**Required action:**
Repeat the listing in full, word for word.

**Data section:**
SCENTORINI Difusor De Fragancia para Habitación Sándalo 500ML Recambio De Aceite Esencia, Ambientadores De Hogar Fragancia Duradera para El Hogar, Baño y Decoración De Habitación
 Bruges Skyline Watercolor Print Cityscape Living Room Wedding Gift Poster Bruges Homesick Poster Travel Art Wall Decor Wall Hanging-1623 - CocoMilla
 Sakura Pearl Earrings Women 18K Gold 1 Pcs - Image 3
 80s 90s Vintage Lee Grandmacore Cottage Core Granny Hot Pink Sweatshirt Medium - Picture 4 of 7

**Result:**
SCENTORINI Difusor De Fragancia para Habitación Sándalo 500ML Recambio De Aceite Esencia, Ambientadores De Hogar Fragancia Duradera para El Hogar, Baño y Decoración De Habitación
 Bruges Skyline Watercolor Print Cityscape Living Room Wedding Gift Poster Bruges Homesick Poster Travel Art Wall Decor Wall Hanging-1623 - CocoMilla
 Sakura Pearl Earrings Women 18K Gold 1 Pcs - Image 3
 80s 90s Vintage Lee Grandmacore Cottage Core Granny Hot Pink Sweatshirt Medium - Picture 4 of 7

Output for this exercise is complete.